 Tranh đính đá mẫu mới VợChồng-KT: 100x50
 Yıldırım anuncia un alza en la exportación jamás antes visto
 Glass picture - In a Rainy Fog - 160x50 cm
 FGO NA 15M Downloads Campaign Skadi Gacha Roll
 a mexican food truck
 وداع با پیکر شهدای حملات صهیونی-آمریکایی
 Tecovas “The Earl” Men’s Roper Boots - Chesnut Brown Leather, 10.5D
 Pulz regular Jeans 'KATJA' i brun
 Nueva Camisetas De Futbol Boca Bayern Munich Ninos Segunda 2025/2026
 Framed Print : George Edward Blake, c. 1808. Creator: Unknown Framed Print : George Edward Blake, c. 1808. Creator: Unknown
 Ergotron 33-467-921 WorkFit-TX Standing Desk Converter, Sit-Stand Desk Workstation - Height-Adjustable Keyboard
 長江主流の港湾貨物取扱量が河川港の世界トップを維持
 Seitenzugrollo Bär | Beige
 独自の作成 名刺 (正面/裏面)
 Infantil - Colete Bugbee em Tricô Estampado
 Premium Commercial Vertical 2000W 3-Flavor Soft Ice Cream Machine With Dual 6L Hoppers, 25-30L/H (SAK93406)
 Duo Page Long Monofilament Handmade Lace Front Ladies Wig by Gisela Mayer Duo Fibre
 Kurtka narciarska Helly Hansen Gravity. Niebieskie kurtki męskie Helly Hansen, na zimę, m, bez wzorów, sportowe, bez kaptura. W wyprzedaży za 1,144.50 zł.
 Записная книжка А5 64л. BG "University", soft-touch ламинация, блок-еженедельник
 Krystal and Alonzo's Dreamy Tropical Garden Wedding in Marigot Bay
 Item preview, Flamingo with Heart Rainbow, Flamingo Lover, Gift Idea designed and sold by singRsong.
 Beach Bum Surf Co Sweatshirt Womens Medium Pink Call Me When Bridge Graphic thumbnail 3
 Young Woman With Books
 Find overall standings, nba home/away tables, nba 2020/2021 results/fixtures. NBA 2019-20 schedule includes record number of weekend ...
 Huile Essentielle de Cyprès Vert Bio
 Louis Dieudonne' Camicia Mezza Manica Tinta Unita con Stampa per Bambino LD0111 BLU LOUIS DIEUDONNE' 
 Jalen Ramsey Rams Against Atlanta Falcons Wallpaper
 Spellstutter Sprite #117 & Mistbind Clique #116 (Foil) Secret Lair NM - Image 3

━━━━━━━━━━━━━━━━

_WHAT TO WORK ON:_ Retype the whole listing, matching it exactly.

_TASK OUTPUT:_
 Tranh đính đá mẫu mới VợChồng-KT: 100x50
 Yıldırım anuncia un alza en la exportación jamás antes visto
 Glass picture - In a Rainy Fog - 160x50 cm
 FGO NA 15M Downloads Campaign Skadi Gacha Roll
 a mexican food truck
 وداع با پیکر شهدای حملات صهیونی-آمریکایی
 Tecovas “The Earl” Men’s Roper Boots - Chesnut Brown Leather, 10.5D
 Pulz regular Jeans 'KATJA' i brun
 Nueva Camisetas De Futbol Boca Bayern Munich Ninos Segunda 2025/2026
 Framed Print : George Edward Blake, c. 1808. Creator: Unknown Framed Print : George Edward Blake, c. 1808. Creator: Unknown
 Ergotron 33-467-921 WorkFit-TX Standing Desk Converter, Sit-Stand Desk Workstation - Height-Adjustable Keyboard
 長江主流の港湾貨物取扱量が河川港の世界トップを維持
 Seitenzugrollo Bär | Beige
 独自の作成 名刺 (正面/裏面)
 Infantil - Colete Bugbee em Tricô Estampado
 Premium Commercial Vertical 2000W 3-Flavor Soft Ice Cream Machine With Dual 6L Hoppers, 25-30L/H (SAK93406)
 Duo Page Long Monofilament Handmade Lace Front Ladies Wig by Gisela Mayer Duo Fibre
 Kurtka narciarska Helly Hansen Gravity. Niebieskie kurtki męskie Helly Hansen, na zimę, m, bez wzorów, sportowe, bez kaptura. W wyprzedaży za 1,144.50 zł.
 Записная книжка А5 64л. BG "University", soft-touch ламинация, блок-еженедельник
 Krystal and Alonzo's Dreamy Tropical Garden Wedding in Marigot Bay
 Item preview, Flamingo with Heart Rainbow, Flamingo Lover, Gift Idea designed and sold by singRsong.
 Beach Bum Surf Co Sweatshirt Womens Medium Pink Call Me When Bridge Graphic thumbnail 3
 Young Woman With Books
 Find overall standings, nba home/away tables, nba 2020/2021 results/fixtures. NBA 2019-20 schedule includes record number of weekend ...
 Huile Essentielle de Cyprès Vert Bio
 Louis Dieudonne' Camicia Mezza Manica Tinta Unita con Stampa per Bambino LD0111 BLU LOUIS DIEUDONNE' 
 Jalen Ramsey Rams Against Atlanta Falcons Wallpaper
 Spellstutter Sprite #117 & Mistbind Clique #116 (Foil) Secret Lair NM - Image 3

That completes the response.